昨晩、飲みの席で何があったのかなんとなくわかってしまった。
わたし、何やってるんだろう。
「……いただけません」
本音を言えば喉から手が出るほどに欲しい。けど、こんなのは違う。絶対にダメ。
「そう言うと思ったよ。でもね、これはギルドの総意として、しいてはギルドマスターである俺の決定でもある。銀翼のメンバーである以上、エリシアちゃんに拒否権はないよ」
「……それでも、拒否します」
「そうか。なるべく穏便に済ませたかったのだがな。……仕方ない」
ウィングさんは困り顔でため息を吐くと、首を横に振った。
そして椅子から立ち上がると、鋭い眼差しを向けてきた。
「エリシア・ア・エルリシア。君を《銀翼の宴》から追放する。そのお金を持って直ちに立ち去れ!」
その言葉を聞いて、事の深刻さを悟った。
単にお金の話をしただけじゃない。
もっとなにか、ウィングさんがこうまですることを、しちゃったんだ。
それなら、尚更……。
「……嫌です」
「困ったな。ギルドマスター命令なんだがな。強制的に追い出すようなことはしたくない。どうかその足で、自らの意志で、このギルドから去ってくれ」
「こんなのってないです……」
「意固地になるな。レオン君とやらの元へ帰りなさい。帰る場所があるのなら、こんなところに長居をしてはいけないよ」
ドクンッ。
背筋からゾッと冷たさが迸った。
ウィングさんの口からレオンって言葉が出た。ただの一度もその名前を言ったことなんてないのに……。
……でも。
やっぱりそうなんだ。とも思った。
あの日から、わたしの頭の中はいつだってレオンのことでいっぱいだった。
お酒に酔って枷が外れた心で何を喋ったのか。……もう、全てわかっちゃった。
レオンに会いたい気持ちが溢れ出して、きっと止まらなくなったんだ……。
本当、なにしてるんだろう……。
「ダメなんです。ちゃんと働いたお金じゃないと……。ただお金があれば、いいってわけじゃないんです。こんなズルしたら、わたし……もう二度とレオンに顔向けできない……」
「……すまんな。この決定に関してはエリシアちゃんの是非は問わない。これは今日までの働きに対する正当な評価であり対価。報酬だ。受け取らない場合は実力を持ってして受け取らせるまでだ」
駄々をこねるわたしに対し、ウィングさんが折れることはなかった。
きっと、わたしが思うのと同じようにウィングさんも決めてしまった事なのかもしれない。
「わかりました」
だからわたしはお金を受け取ることにした。
これ以上、なにを言っても無駄だとわかったから。
机に並べられたお金を全て手に取り、ゆっくりと窓へと向かった。
「窓、開けてもいいですか?」
「ああ。こんなやり方しかできなくてすまんな。君は頑固だから」
「……頑固。本当にその通りだと思います。……ウィングさん、このお金はもうわたしのってことでいいんですよね?」
「無論。それはもうエリシアちゃんのお金だ。好きに使いなさい」
「ありがとうございます。そうさせてもらいます」
これはもうわたしのお金。
だからどう使おうとわたしの自由。
地上10階。窓から顔を出し下に目をやると、都合の良いことにテト君とニア君が居た。実は居るだろうなと踏んでいた。
まさに喧嘩の真っ最中。
「テトくーん! ニアくーん!」
二人の耳に届くように大声で呼び掛けると、テト君はピタッと止まり跪いた。ニア君はキョトンとして首を傾げて見上げてきた。

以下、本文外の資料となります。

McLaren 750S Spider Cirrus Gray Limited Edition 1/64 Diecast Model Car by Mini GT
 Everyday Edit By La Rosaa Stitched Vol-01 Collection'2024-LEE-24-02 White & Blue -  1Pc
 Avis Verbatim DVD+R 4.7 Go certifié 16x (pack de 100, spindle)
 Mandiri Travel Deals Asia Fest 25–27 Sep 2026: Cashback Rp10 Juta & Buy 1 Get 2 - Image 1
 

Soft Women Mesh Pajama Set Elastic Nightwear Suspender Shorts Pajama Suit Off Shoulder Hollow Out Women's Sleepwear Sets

ギルドの最上階に位置するこの場所から声を掛ける事。言葉なくしても、この二人ならきっとわかってくれる。
「これあげるー!」
手に持っていた金貨を二人めがけて全て投げた。白金貨。一枚あたり100万G。それを二枚も窓から投げる。おまけに金貨も八枚。
きっと、この先の人生において二度とない。
だからなのか、手が震えた。
投げ終わっても震えが治らない。
バカなことをしてるって自覚はある。
このお金があればレオンの元に帰るきっかけにはなる。
でも、お金の問題だけじゃない。
自分のことが許せない。
あの日、考えなしにわがまま突き通した自分が、ひどく許せない。
それは今も変わらず、この先も変わることはない。
けど、だからこそ。
500万Gだけは自分の力でどうにかしたい。
他の誰かに与えられるような形で遂げたくない。
きっと、本音とは矛盾しているのだと思う。
酔ったときに溢れたであろう言葉が本音なのだから。
ウィングさんは優しい人だから全てをわかった上で、わたしにお金をくれたんだ。
だから、投げた。
こんなお金、わたしはいらない──。
☆
ウィングさんはバサっと椅子から立ち上がると、眉間にシワを寄せながら近付いて来た。
そして、窓から覗き込むように外を見下ろした。
テトくんとニアくんが素早い動きでなにかを広い集めている。
首を傾げわたしの手に視線を移すと、あっけらかんとした表情で問いかけてきた。
「え、投げちゃったの?」
わたしは笑顔で頷いた。
「っっ⁈ は、白金貨だぞ? 白・金・貨! 正気か⁈」
そう言うと窓に足を掛け飛び降りようとした。
「おいガキ共──」
ウィングさんの怒号に近い叫び声が響き渡った。それに対しテトくんとニアくんは笑顔でグーポーズを向けるとくるりと回り走り出した。
「超超超重力操作」
ウィングさんはすぐさま得意とする黒魔法を唱えた。右手から円球状の黒い空気の塊が出現する。
おそらく重力の檻に入れて拘束するのだと思う。……でも、大丈夫。
ウィングさんとテトくんニアくんとの間にはそこそこの距離がある。手加減と手心を加えるであろう今のウィングさんの目を誤魔化すことは、きっと容易い。
『空間屈折魔法』
心の中で光属性の魔法を唱えた時だった。
「ははっ、はははははっ!」
ウィングさんは声高らかに笑い出した。
勘付かれたと、そう思った。
まだ発動前だった。それなのに気付いちゃうんだ。
ウィングさんの凄さはわかっているつもりだった。でも戦っている姿はいつだって対ドラゴン。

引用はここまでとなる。